-- Opening Marker --

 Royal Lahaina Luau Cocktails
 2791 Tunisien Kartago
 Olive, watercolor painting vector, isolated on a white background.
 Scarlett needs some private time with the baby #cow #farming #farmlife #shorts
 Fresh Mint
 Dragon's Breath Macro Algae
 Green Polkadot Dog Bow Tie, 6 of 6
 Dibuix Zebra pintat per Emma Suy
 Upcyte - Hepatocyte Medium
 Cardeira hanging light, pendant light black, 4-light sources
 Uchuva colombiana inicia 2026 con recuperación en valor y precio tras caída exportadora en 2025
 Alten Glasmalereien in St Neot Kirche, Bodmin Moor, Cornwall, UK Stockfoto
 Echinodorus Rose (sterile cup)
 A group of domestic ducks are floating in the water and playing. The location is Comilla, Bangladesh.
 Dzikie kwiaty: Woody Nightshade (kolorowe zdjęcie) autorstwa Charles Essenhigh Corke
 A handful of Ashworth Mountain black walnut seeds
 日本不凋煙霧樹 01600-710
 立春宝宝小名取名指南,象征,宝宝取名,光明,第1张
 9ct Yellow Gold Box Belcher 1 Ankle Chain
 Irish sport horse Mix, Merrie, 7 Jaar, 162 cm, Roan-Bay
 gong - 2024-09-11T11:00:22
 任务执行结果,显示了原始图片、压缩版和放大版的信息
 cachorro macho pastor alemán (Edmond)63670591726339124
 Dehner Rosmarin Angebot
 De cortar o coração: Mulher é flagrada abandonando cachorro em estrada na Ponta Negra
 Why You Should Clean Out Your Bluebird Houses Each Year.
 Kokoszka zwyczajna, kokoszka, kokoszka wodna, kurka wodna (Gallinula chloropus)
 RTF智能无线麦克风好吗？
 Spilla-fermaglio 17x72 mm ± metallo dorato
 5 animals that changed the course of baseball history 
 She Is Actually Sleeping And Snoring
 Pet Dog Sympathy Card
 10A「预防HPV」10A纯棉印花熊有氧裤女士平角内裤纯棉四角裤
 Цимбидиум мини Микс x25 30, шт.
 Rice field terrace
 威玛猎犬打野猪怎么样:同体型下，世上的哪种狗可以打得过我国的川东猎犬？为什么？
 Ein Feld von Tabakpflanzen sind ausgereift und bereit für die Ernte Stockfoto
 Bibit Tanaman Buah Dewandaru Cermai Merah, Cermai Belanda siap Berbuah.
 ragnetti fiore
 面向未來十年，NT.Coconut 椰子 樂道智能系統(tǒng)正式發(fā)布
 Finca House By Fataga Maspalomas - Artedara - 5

-- Closing Marker --

## EXERCISE REQUIREMENTS:
Would you retype the lines of the data above, from the one holding "面向未來十年，NT.Coconut 椰子 樂道智能系統(tǒng)正式發(fā)布" through its final line, exactly and without adding any other line?

## EXERCISE SOLUTION:
 面向未來十年，NT.Coconut 椰子 樂道智能系統(tǒng)正式發(fā)布
 Finca House By Fataga Maspalomas - Artedara - 5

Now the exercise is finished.